The Super Bowl
in Indianapolis: Revenge of the Agri-Nerds.
Into the grills of everyone who ever mocked Naptown, its hosting of America’s most corporate extravaganza is the ultimate tomahawk dunk. Wish I were there to see the party features: Tractor ice sculpture, Rules Violations Exhibit at NCAA headquarters and A.J. Foyt’s Salute to the Left Turn Booth at the NFL Experience.
I bet they’ll pull off a worthy week. Hoosier Daddy, indeed.
So, if America’s premier cultural blank spot can host a Super Bowl; if New York, where the February weather is at least as wretched as Seattle’s, can host the 2014 Super Bowl outdoors, then as Seahawks coach Pete Carroll might be apt to ask Seattle:
“What’s your deal?”
By putting Naptown and Gotham on the honor roll of host cities, the NFL no longer is the deal. We’re the deal. Our civic inertia is the impediment to hosting America’s annual salute to coma-inducing excess.
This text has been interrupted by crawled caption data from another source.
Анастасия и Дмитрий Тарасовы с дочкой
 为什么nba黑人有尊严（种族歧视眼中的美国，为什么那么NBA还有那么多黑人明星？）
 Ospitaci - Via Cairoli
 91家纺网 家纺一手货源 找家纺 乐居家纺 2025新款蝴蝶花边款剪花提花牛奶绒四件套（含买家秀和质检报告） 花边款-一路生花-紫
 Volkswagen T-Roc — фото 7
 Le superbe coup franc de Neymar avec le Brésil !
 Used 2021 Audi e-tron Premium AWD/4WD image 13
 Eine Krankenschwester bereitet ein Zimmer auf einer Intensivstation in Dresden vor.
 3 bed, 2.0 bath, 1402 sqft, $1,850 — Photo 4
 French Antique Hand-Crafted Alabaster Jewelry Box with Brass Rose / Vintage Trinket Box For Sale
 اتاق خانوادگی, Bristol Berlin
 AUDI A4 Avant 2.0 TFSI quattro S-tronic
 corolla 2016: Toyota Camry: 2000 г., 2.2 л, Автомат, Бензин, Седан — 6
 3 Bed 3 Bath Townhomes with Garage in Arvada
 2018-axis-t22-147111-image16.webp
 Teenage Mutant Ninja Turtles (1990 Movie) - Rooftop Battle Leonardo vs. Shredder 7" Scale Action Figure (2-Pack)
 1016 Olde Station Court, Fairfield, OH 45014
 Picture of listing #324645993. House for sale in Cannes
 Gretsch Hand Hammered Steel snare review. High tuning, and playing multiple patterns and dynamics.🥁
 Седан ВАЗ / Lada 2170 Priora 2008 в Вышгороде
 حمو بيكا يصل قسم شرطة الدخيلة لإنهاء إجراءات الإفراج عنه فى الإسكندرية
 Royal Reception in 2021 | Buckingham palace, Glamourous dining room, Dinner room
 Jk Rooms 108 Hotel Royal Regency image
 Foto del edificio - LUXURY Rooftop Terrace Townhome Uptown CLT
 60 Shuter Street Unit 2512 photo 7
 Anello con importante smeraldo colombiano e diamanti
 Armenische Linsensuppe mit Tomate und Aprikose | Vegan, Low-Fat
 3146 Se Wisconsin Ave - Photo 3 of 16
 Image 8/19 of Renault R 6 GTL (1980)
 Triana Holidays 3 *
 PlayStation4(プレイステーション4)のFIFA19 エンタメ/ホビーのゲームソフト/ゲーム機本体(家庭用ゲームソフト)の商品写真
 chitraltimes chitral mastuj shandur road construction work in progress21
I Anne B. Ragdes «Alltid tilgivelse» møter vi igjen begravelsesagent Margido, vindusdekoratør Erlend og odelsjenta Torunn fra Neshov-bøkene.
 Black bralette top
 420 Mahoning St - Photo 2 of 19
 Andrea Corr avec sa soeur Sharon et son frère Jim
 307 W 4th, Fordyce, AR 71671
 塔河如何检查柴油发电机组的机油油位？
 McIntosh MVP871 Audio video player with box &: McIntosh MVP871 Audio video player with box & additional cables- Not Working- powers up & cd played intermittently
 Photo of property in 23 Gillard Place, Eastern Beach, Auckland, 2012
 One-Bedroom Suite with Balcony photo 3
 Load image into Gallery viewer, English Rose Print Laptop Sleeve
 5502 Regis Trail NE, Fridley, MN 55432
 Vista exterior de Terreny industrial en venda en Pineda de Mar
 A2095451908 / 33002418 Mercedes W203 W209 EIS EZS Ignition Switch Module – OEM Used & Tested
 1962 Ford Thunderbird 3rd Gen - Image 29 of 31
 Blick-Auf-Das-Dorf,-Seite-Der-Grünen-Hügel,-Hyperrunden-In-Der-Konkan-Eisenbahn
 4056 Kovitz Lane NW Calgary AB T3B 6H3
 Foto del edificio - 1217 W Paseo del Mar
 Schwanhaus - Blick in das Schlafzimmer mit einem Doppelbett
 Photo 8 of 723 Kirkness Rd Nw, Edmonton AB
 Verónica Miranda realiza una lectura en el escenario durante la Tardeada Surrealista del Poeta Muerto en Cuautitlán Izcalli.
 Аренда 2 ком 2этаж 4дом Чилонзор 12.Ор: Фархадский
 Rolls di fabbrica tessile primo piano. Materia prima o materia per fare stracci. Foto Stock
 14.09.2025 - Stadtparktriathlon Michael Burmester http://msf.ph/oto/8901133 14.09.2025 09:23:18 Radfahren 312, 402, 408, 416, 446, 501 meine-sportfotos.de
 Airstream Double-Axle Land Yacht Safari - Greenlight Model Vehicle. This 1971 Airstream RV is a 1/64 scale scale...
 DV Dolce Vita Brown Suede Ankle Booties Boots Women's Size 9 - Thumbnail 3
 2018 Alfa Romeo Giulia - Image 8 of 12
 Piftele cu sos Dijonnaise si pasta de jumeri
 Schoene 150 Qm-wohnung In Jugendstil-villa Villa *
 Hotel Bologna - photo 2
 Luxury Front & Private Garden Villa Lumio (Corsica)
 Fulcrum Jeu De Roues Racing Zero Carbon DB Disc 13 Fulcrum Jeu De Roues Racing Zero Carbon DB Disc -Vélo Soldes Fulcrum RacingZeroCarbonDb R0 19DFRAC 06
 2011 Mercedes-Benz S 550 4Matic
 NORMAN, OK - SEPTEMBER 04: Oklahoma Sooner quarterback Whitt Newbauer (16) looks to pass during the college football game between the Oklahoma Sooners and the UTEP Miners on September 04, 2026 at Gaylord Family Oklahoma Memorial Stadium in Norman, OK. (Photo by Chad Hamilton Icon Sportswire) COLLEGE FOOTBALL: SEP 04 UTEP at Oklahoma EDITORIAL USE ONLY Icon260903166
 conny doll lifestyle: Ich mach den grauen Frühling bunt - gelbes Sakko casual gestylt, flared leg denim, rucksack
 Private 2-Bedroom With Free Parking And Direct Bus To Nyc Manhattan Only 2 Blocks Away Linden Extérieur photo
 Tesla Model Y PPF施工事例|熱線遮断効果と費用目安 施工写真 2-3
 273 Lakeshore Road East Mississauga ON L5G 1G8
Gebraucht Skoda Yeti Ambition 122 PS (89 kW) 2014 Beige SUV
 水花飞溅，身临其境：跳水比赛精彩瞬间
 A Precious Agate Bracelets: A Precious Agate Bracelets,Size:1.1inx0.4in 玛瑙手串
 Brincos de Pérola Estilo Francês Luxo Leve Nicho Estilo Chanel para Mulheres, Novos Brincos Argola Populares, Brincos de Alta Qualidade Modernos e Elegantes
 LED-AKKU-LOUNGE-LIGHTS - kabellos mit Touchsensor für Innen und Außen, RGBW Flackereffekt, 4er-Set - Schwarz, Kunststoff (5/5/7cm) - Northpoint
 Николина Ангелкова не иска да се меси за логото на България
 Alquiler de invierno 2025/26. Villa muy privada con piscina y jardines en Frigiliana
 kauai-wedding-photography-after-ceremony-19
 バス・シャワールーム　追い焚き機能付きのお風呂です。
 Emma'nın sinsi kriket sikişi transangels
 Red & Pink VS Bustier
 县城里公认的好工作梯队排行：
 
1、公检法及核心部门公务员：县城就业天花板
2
Sloth. Fear. Too tragically hip to know we are sillies. Crippled by the paper/plastic debate. Whatever Seattle’s excuses are for not pursuing a Super Bowl, none is good enough.
The largest variable is one man – Seahawks owner Paul Allen, said by Forbes to be the NFL’s richest owner. Does he want to do it? Hard to know. He has plenty of things to occupy him, including his health, and the earliest that the NFL would entertain a bid from a northern city likely would be for the 2018 game, or as we like to say in the sport’s circle of pretension, SB LII.
Above all, the awarding of a Super Bowl is a matter of clubhouse politics. The owners of the 32 franchises allow themselves to be as arbitrary and capricious as they want. They tend to reward their best long-term friends.
The team’s original owners, the Nordstroms, were, from Paul Tagliabue to Al Davis to the Mara family, trusted and respected. The Nordstrom ownership began pursuit of a game for the Kingdome in 1992, but in 1988 sold the team to Ken Behring, a California real estate mogul of low order who impressed no one in Seattle or the league meetings.
The franchise became a political non-factor until it was purchased in 1997 by Allen, already an NBA owner and one of the world’s richest men. Early on, Allen kept a low NFL profile, even after he helped steward the franchise to its first and only Super Bowl appearance in 2006.
But he took a more active role in the labor lockout, resolved in August and now considered more of a win for the owners than the players. Whether that has whetted his appetite for more NFL engagement isn’t known. But if he said yes, Seattle’s application would quickly rise to the top.
Imagine Seattle by 2018: Light rail will be finished, a tunnel will have replaced the viaduct, the Mercer Mess will be half-unmessed and the Mariners will be just a season away from contention in the American League West after they acquire one more bat.
What a time to celebrate a civic renaissance. In the run-up, the power brokers behind a new arena will have all of their kids finished with college and desperate for jobs. So dads could hand kids shovels and say, “Here, dig a hole big enough for an arena.” What a satisfying bonding experience, and Seattle gets a building big enough to host all the related events, just as Naptown is doing.
Bringing a Super Bowl to Seattle is a splendid, low- public-cost, pollution-light idea whose time is upon us. The chance to be Naptown Northwest is here. We can even promise Uncle Paul it’s the last time we’ll bug him for a civic handout.
Either that, or make them the Seattle Trail Blazers.